①非繁殖羽の個体はオス♂なのか?メス♀なのか?
>一般的な見地から、より体の大きな個体がオス♂だとすると非繁殖羽の個体の方がやや大きいように見えます。でも小柄なオス♂と大柄なメス♀のペアであればサイズが逆転している可能性もあります。
②【カンムリカイツブリ】は繁殖羽への換羽をもって繁殖行動が引き起こされるのではないのか?
>非繁殖羽個体がオス♂かメス♀かで少々答えが変わってきそうですが。オス♂であるならば、求愛するには必ずしも繁殖羽でのアピールを必要としない事になりますし、メス♀であるならば求愛される側は羽衣がどうであれ対象となりうる事になります。
③【カンムリカイツブリ】がパートナーを選ぶ条件に羽衣の鮮やかさは含まれないのか?
>この観察を見る限り、少なくとも必須条件ではなさそうです。

 この他にも不思議に思えることがありますが、目の前で繰り広げられている光景こそが真実です。
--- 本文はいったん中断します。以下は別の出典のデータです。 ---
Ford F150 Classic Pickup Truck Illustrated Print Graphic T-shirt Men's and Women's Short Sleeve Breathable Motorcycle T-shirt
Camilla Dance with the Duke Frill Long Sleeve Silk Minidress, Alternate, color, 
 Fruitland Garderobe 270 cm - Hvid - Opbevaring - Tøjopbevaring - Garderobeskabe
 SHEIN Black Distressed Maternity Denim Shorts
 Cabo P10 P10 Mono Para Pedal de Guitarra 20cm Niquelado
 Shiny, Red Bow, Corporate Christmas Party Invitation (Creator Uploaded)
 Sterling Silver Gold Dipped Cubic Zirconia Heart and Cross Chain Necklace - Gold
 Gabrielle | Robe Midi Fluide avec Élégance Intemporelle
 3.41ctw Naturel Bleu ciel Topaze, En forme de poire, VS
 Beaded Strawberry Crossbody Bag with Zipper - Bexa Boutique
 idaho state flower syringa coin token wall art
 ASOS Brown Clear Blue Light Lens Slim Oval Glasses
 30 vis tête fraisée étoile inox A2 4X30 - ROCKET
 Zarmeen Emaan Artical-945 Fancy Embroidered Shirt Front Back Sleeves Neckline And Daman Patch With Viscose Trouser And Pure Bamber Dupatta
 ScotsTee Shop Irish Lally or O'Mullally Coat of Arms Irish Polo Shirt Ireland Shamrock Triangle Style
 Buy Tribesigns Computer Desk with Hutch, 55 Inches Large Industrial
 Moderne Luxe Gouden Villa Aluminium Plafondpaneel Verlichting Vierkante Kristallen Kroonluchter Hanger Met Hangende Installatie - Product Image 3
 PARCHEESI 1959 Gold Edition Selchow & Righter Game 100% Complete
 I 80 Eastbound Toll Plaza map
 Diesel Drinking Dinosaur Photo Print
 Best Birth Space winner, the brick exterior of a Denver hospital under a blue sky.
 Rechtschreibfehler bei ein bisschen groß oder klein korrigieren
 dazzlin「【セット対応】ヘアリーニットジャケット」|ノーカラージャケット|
 ちなみに、非繁殖羽の個体も求愛アピールはしています。


 その証拠に・・・顔の周囲の羽を目一杯に広げてアピールしています。私的には、繁殖羽に比べて見劣りすると思いますがこのペアにとってはそんな見た目はどうでも良いことなのかもしれません。



 出来ることなら、この【カンムリカイツブリ】のペアに『お互いの何処に惹かれましたか?』という質問をしてみたい^^。果たしてどんな答えが返ってくるのでしょうか??